Pero no se puede negar la influencia de Ubú, empezando sobre su creador, que vestía habitualmente de ciclista con un par de pistolas, bebía de manera inmoderada, sólo comía lo que él mismo pescaba en el Sena y vivía en una oscura buhardilla. Alfred Jarry había nacido en Laval en 1873. Muy pronto empieza a escribir teatro en verso. En 1888 ingresa en el Liceo de Rennes, lo que habrá de tener una trascendencia extraordinaria, ya que el profesor de Física, M. Hébert, apodado por los alumnos Père Heb, P. H. Eb, Ebé y Ebon, habrá de servirle de primer modelo de Ubú. Aprovecha una adaptación sobre el texto de «Les polonais», de Charles Morin, para satirizar a Hébert, y ésta puede considerarse como la más antigua versión de Ubú («Ubú rey»), representada con marionetas en su propia casa. Poco más tarde compone «Les cornes de P. H.» o «Les polyèdres», obra de la que procede, no hace falta apuntarlo, «Ubú cornudo». En 1891 pasa al Liceo Henri IV, de París, donde conoce a Leon-Paul Fargue, más tarde poeta destacado y en cuyo domicilio se hacen las primeras representaciones de «Ubú roi» y «Ubú cocu», en las que P. H., el antiguo profesor de Física, toma el nombre definitivo Père Ubu. Esto, bien mirado, es extraordinario. En todos los colegios e institutos de Segunda Enseñanza se ridiculizó y se pusieron motes a algunos profesores, pero de estas sátiras escolares, algunas hechas con muy mala uva y con regular ingenio, sólo surgió un Ubú. Un Ubú que podía haber sido personaje de «Cero en conducta» de Jean Vigo o de «Amarcord», de Fellini, de no ser porque los anarquistas se lo tomaron en serio.

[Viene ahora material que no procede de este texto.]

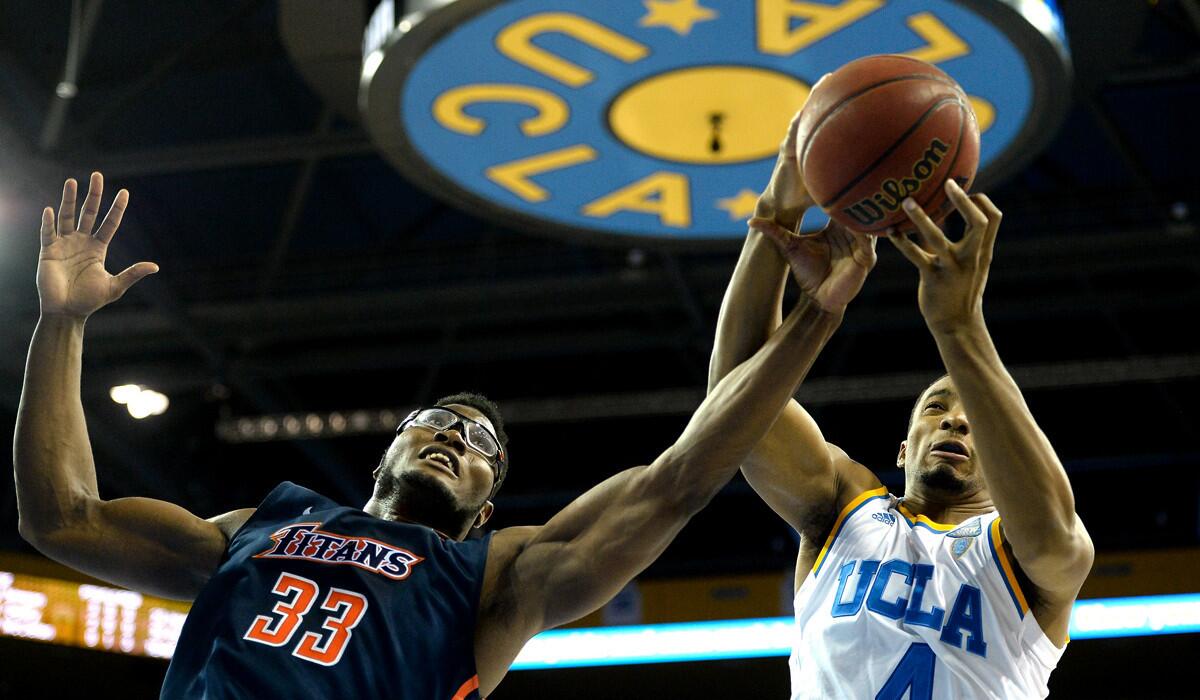 UCLA guard Norman Powell grabs a rebound against Cal State Fullerton's Kennedy Esume in the first half Wednesday night.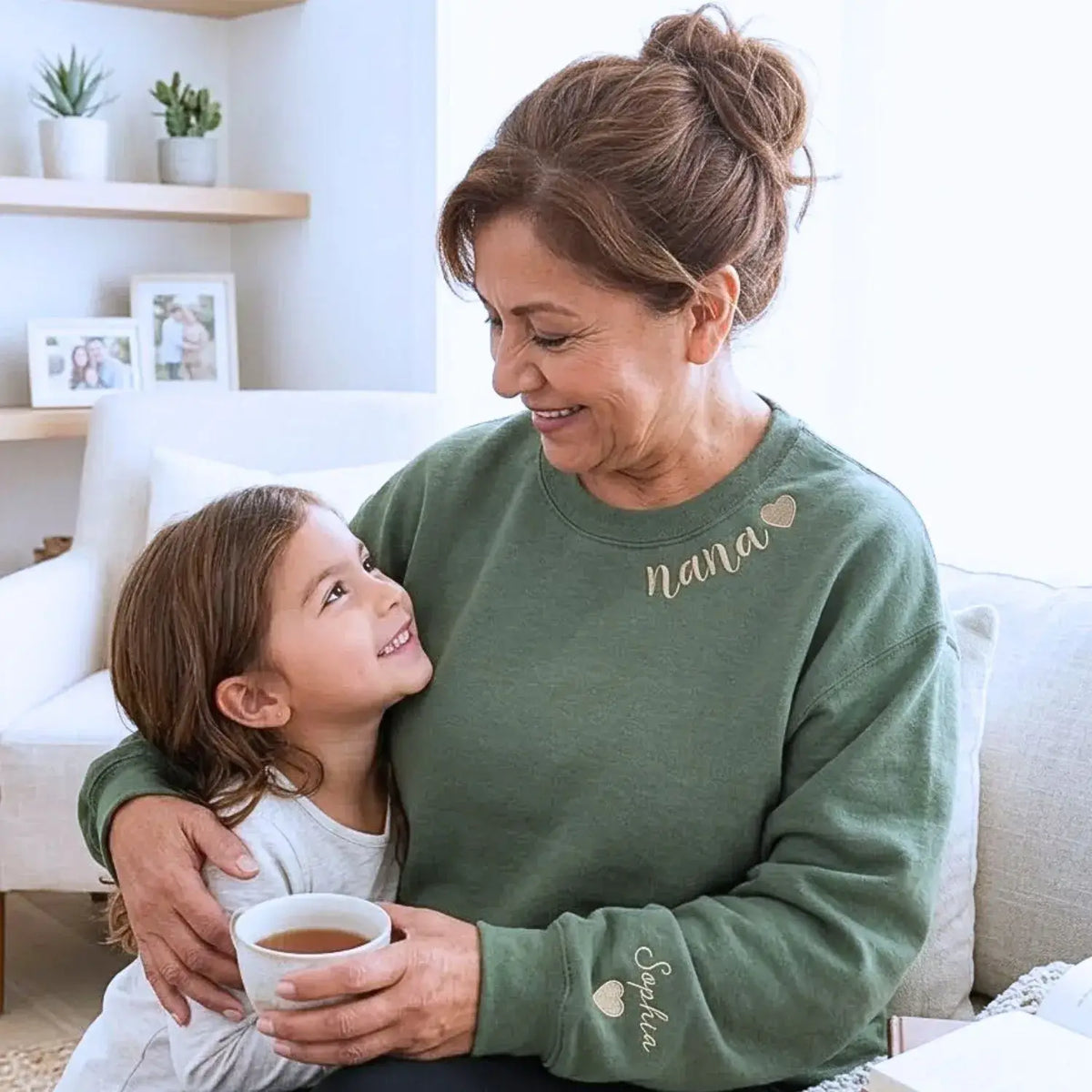 Custom Nana embroidered sweatshirt with heart on neckline and grandchild name on sleeve personalized grandma gift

En 1893 gana un concurso literario con un texto titulado «Guignol», ilustrado por él mismo (Jarry no solo escribió Ubú, sino que lo dibujó, panzón y con cabeza alargada, ojos vacunos y sombrero), y en 1894 publica su primer libro, «Les minutes de sable mémorial». En diciembre de 1896 se estrena «Ubú rey» en el Théâtre de l'Oeuvre, bajo la dirección de Lugné-Poe. La representación fue precedida de una conferencia del autor, en la línea del artículo sobre la inutilidad del teatro publicado por él poco antes, y provocó, a la caída del telón, un sonoro escándalo.

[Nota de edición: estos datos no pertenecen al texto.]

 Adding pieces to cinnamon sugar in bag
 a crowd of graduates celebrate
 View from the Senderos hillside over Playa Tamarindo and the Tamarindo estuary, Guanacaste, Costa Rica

François Ubú, ex rey de Polonia y de Aragón, doctor en Patafísica, conde de Mondragón, conde de Sandomir, marqués de San Grecisco, según el propio Jarry «no es exactamente el señor Thiers, ni un burgués, ni un grosero. Será más bien el anarquista perfecto más aquello que impide que nos convirtamos en el anarquista perfecto, que es el hombre, de donde nacen la cobardía, la suciedad, etcétera». La actitud de Jarry, al crear Ubú, es a la vez disolvente y desesperada. Jarry no encuentra el menor asidero en la sociedad, y, como es lúcido, entiende que la verdadera libertad es la esclavitud: «Somos libres de hacer lo que queramos, incluso obedecer, y de ir a donde nos guste, incluso a la cárcel». No hay, pues, límites para la libertad, cuya culminación es la cárcel. A esta visión sumamente pesimista se adhiere Ubú no respetando ninguna norma: sería el primer gamberro de la literatura si no fuera porque Dostoievski se le adelantó en «Los poseídos», sin duda la obra más premonitoria y lúcida que jamás se ha escrito. La serie de Ubú («Ubú rey», «Ubú cornudo», «Ubú encadenado», «Ubú en la colina») muestra un sucesivo y violento rechazo del mundo. A Jarry le encantaban las armas; según Breton, «el revólver es, en este caso, el paradójico trazo de unión entre el mundo exterior y el mundo interior». En cierta ocasión, descorchó botellas de champagne a tiros; otra vez disparó contra el escultor Manolo, y al cabo llegó a la conclusión de que todo esto «era bonito como literatura; pero he olvidado pagar las consumiciones».